Synonyms: Lamp-Black, Noir De Lampe, Noir De Fumée, Noir De Houille, Russ, Lampenschwarz

When resins, resinous woods, fatty oils and fats, paraffin and paraffin oil, or coal-tar oils, are burnt with an insufficient supply of air, a considerable part of the carbon they contain may be deposited in the form of soot. This soot is not, however, pure carbon, but retains variable proportions of the tarry products of imperfect combustion or destructive distillation; these impart to lamp-black a more or less pronounced warm brownish hue, except in the cases in which it has been prepared by processes specially devised to intercept the tarry and oily products in question.
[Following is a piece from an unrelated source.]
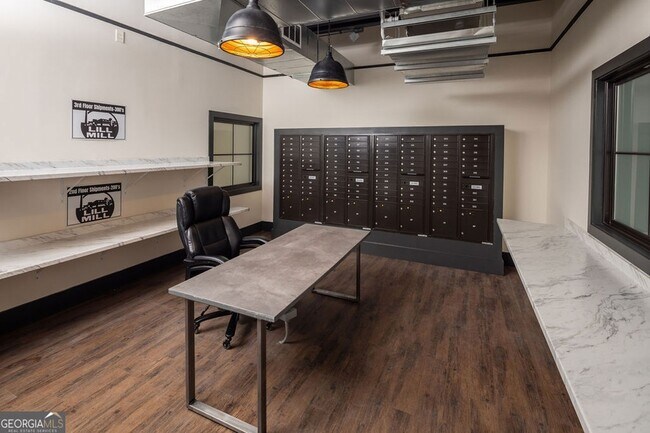 Building Photo - 217 Barrett St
Sometimes small furnaces, sometimes large lamps with long wicks are employed in its manufacture, the soot given off being collected in two or more receivers; the soot first deposited contains the larger part of the impurities. This point may be illustrated by the simple experiment of depressing a white porcelain plate into the flame of a candle; the nearer the plate to the wick, the browner will be the soot deposited.

Lamp-black carefully made is an unalterable pigment; but its employment for pictorial purposes has frequently been objected to by writers on artistic practice as tending to heaviness and opacity in the shadows. With the exception of a few pigments of organic origin, which in water-colour painting have a tendency to cede some of their colouring matter to any kind of carbonaceous black, lamp-black exerts no injurious influence upon any pigments which are stable when used alone.

Numerous carbonaceous substances have been used as black or brown-black pigments. Amongst these anthracite and common bituminous coal may be named. Van Man-der and De Mayerne both mention forge or pit coal. Black shales and black slates have long been employed in the preparation of dark grey pigments. These minerals owe their colour in part to carbon or compounds of carbon, in part to very finely divided iron pyrites. They are permanent, so far as the carbon present is concerned.